İşlevsel ve geleneksel seçicilik

Fonksiyonel seçicilik, geleneksel farmakoloji tanımlarını genişletmek için önerilmiştir .

Geleneksel farmakoloji Posits bir bu ligand, ya bir şekilde sınıflandırılabilir agonist (tamamen veya kısmen), antagonisti ya da daha kısa bir süre önce ters agonist spesifik reseptör alt-tipi vasıtasıyla ve bu özellik bütün tutarlı olacak efektör ( ikinci haberci olduğu bağlanmış) sistemleri reseptör. Bu dogma, on yıllardır ligand-reseptör etkileşimlerinin omurgası olsa da, daha yeni veriler, ligand-protein ilişkilerinin bu klasik tanımının bir dizi bileşik için geçerli olmadığını göstermektedir; bu tür bileşikler, karışık agonist-antagonistler olarak adlandırılabilir .

Fonksiyonel seçicilik , bir ligandın, o reseptöre bağlanmış efektör yoluna bağlı olarak tek bir reseptör izoformu vasıtasıyla klasik özelliklerin bir karışımını doğal olarak üretebileceğini varsayar. Örneğin, bir ligand kolayca bir agonist veya antagonist olarak sınıflandırılamaz, çünkü tercih edilen sinyal iletim yollarına bağlı olarak her ikisinden de biraz olabilir. Bu nedenle, bu tür ligandlar, bir reseptöre karşı bir agonist veya antagonist olmak yerine, hücredeki bireysel etkilerine göre sınıflandırılmalıdır.

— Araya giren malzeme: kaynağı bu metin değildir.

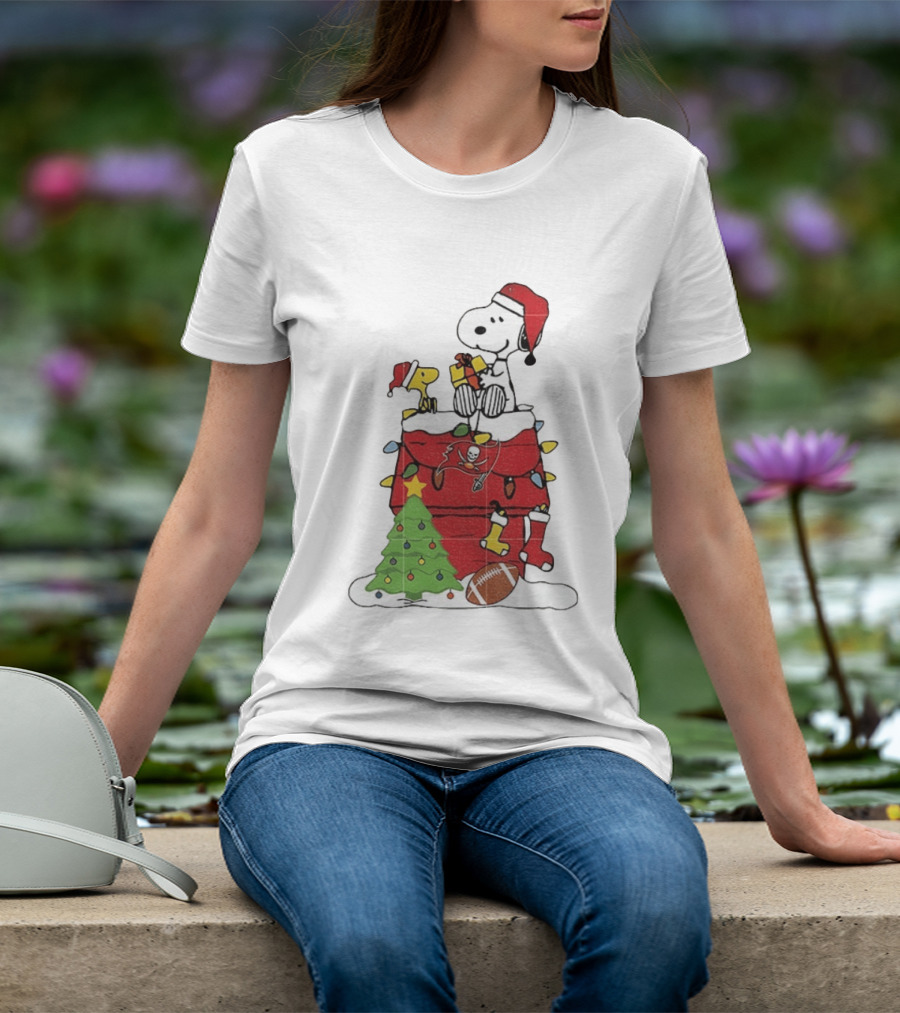 Snoopy Merry Christmas Tampa Bay Buccaneers 2026 Football Holiday Peanuts Santa Hat T-Shirt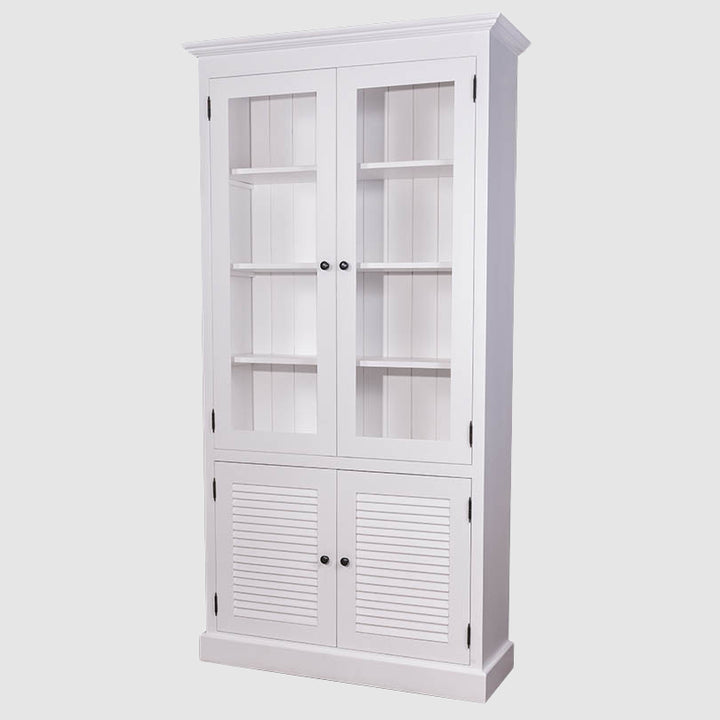 Vitrine en bois peinte en blanc avec deux portes vitrées en partie haute et deux portes pleines à lames horizontales en partie basse, présentée sur fond neutre.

Bu gözlemlerin bir dizi farklı ifade sisteminde yapıldığına ve bu nedenle fonksiyonel seçiciliğin yalnızca belirli bir ifade sisteminin bir epifenomeni olmadığına dikkat etmek de önemlidir .

Örnekler

Fonksiyonel seçiciliğin dikkate değer bir örneği, 5- HT2A reseptörünün yanı sıra 5- HT2C reseptörü ile ortaya çıkar . 5-HT reseptörlerinin ana endojen ligandı olan serotonin , bu reseptörde fonksiyonel olarak seçici bir agonisttir, fosfolipaz C'yi aktive eder (bu, inositol trifosfat birikimine yol açar ), ancak fosfolipaz A2'yi aktive etmez , bu da araşidonik asit sinyali ile sonuçlanır . Bununla birlikte, diğer endojen bileşik dimetiltriptamin , DOB ve liserjik asit dietilamid (LSD) gibi birçok eksojen halüsinojenin yaptığı gibi 5- HT2A reseptöründe araşidonik asit sinyalini aktive eder . Özellikle LSD, bu reseptör aracılığıyla IP 3 sinyallemesini önemli ölçüde etkinleştirmez . Oligomers; özellikle 5- HT2A - mGluR2 heteromerleri bu etkiye aracılık eder. Bu, bazı doğrudan 5-HT açıklayabilir 2 reseptörü agonistleri olan sanrı dolaylı 5-HT ile sinyal serotonin arttıran bileşikler ise etkileri 2 reseptörleri genellikle, yapma örneğin: selektif serotonin geri alım inhibitörleri (SSRI'lar), monoamin oksidaz inhibitörleri (MAOI 5-HT kullanarak) ve ilaçlar 2A mGluR2 de oluşturucu etkinliğini yok reseptör agonistleri dimer gibi, lisurit .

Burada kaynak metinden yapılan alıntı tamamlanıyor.